The text of the complaint specifies that the plaintiffs bring this class action "on behalf of themselves and on behalf of a class defined as all women" employed at Google’s headquarters in Mountain View, California.
"Google has discriminated and continues to discriminate against its female employees by paying female employees less than male employees with similar skills and duties; by assigning and keeping woman in job ladders with lower advancement opportunities than those to which men with similar skills are assigned; and by promoting fewer women and promoting women more slowly than it has promoted men," the complaint outlines.
None of the plaintiffs are currently employed by Google. They left Google’s Mountain View office between 2014 and 2016.
"We’ve been talking about these issues for a long time, and it hasn’t really changed. There’s been a lot of PR and lip service, but… this is going to be one of the only ways to get these companies to change how they hire and compensate women," Kelly Ellis, one of the three plaintiffs, told The Guardian.
Google, however, disputes the claims in the lawsuit and said its in-house analysis shows no gender-based pay discrimination.
"Job levels and promotions [at Google] must pass multiple levels of review, including checks to make sure there is no gender bias in these decisions.
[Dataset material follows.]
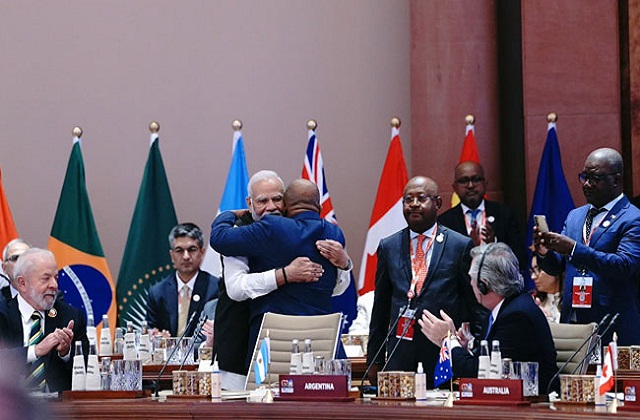 G-20 summit: There is no more G-20! It's G-21 now! G20 now becomes G-21, African Union becomes new member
And we have extensive systems in place to ensure that we pay fairly," spokesperson Gina Scigliano said.
In April, the US Labor Department accused the Alphabet Inc.-owned Google of "systemic compensation disparities against women pretty much across the entire workforce." The company vehemently denied the allegations.
In January, the US Labor Department sued to bar Google from doing business with the federal government until it released thousands of documents related to an audit over its pay practices.